With our initial data cleaned and having gone through the first set of preparation, we are ready to begin aggregating our data.
Before joining the sales and marketing data, we need to group our 3 datasets (Product_Sales_prepared, Outreach_Long, Accounts_copy_prepared) by parent account since that is the level at which we have sales data.
After individually grouping the datasets, we can execute a left join - this time adding all available marketing outreach to the more complete sales dataset. Additionally, the hospital information is added as additional features for each parent account.
Having joined our marketing and sales data, we can move onto our final feature engineering phase in order to create our outcome of interest - sales lead. Why is having a sales lead important? To understand the relationship between marketing outreach and sales, we need to look at the change in sales after a given outreach behavior occurs. This means the effect of a marketing campaign that occurs in week 1 can only be seen on sales in the following weeks - not in the same week that the outreach occurs.
Our Sales_Marketing dataset is first split to take out data for products that are sold in new hospitals. Once data on the new hospitals and outreach efforts are available, this dataset could be used for clustering analysis and more predictive analytics on the next best steps. For now, we don’t have enough data to be able to include it in the training of our model
Following the split, a window recipe is used to group sales by parent_account_id and product_id.
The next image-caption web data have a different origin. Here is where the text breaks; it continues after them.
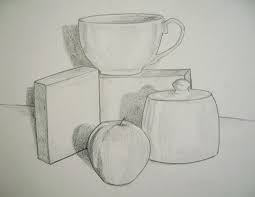 How To Draw Still Life Still Life Drawing Still Life Art Art Lessons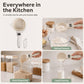 Handheld Kitchen Digital Measuring Spoon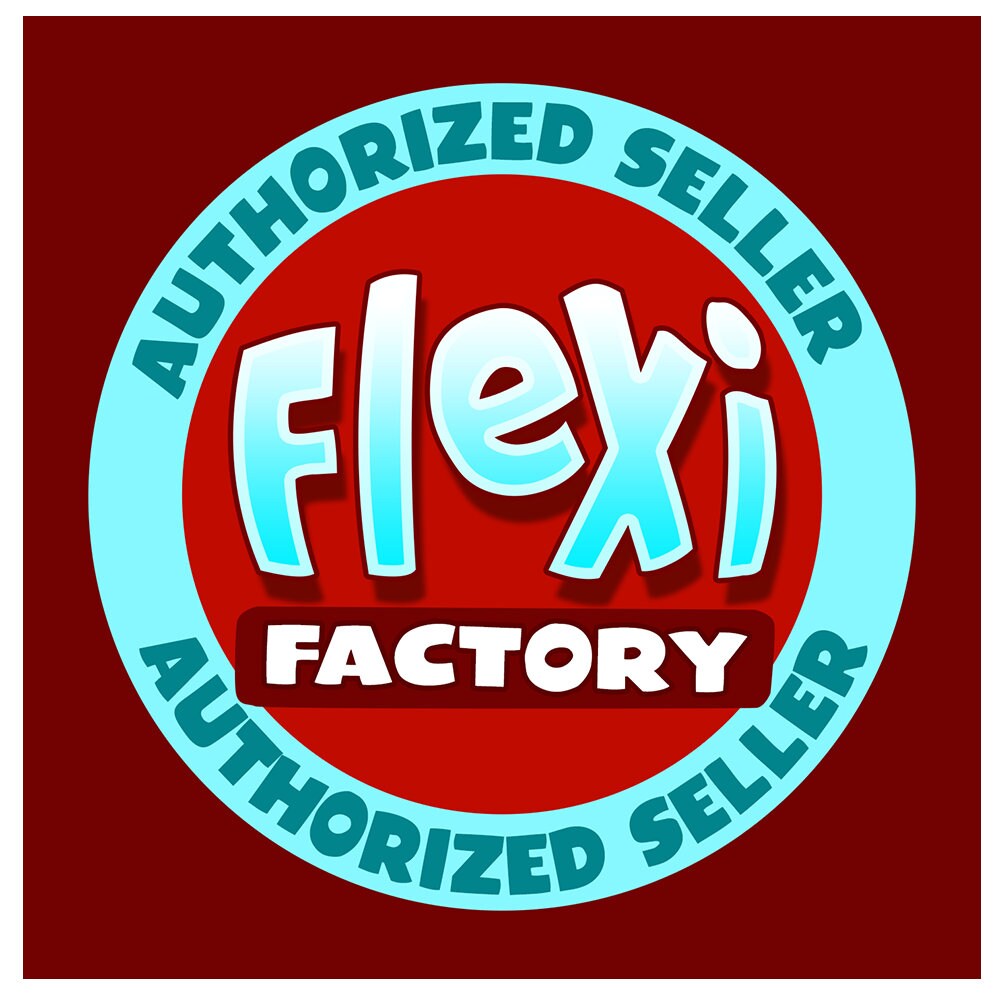 Flexi Hand Pencil Topper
Additionally, we calculate a 1 and 2-week difference in the number of units and total sales using the window recipe.
If a campaign takes longer than 2 weeks to impact sales, the value should be adjusted for a longer lead time.
Finally, we are ready to train our models capable of generating deeper insights into the impact of a company’s marketing efforts on actual sales.
To allow other team members to repeat analysis for different products of interest via a Dataiku Application, we filter using a local variable to select only a single product for analysis.
We can create two models from the filter data for one or two weeks sales lead as the target variable, respectively. The created models are regression models that provide coefficients on each of the input variables thereby allowing us to assess the direction and magnitude of the correlation between various marketing outreach strategies and sales.
The intent of this project is to enable marketing teams to understand how Dataiku DSS can be used to assess the past and future success of their Omnichannel marketing strategies either by starting a new project from scratch or adapting this existing project to one’s specific needs. A deeper technical walkthrough of the project can be found within the wiki to aid in reproducing this project. Roll-out and customization services can be offered on demand.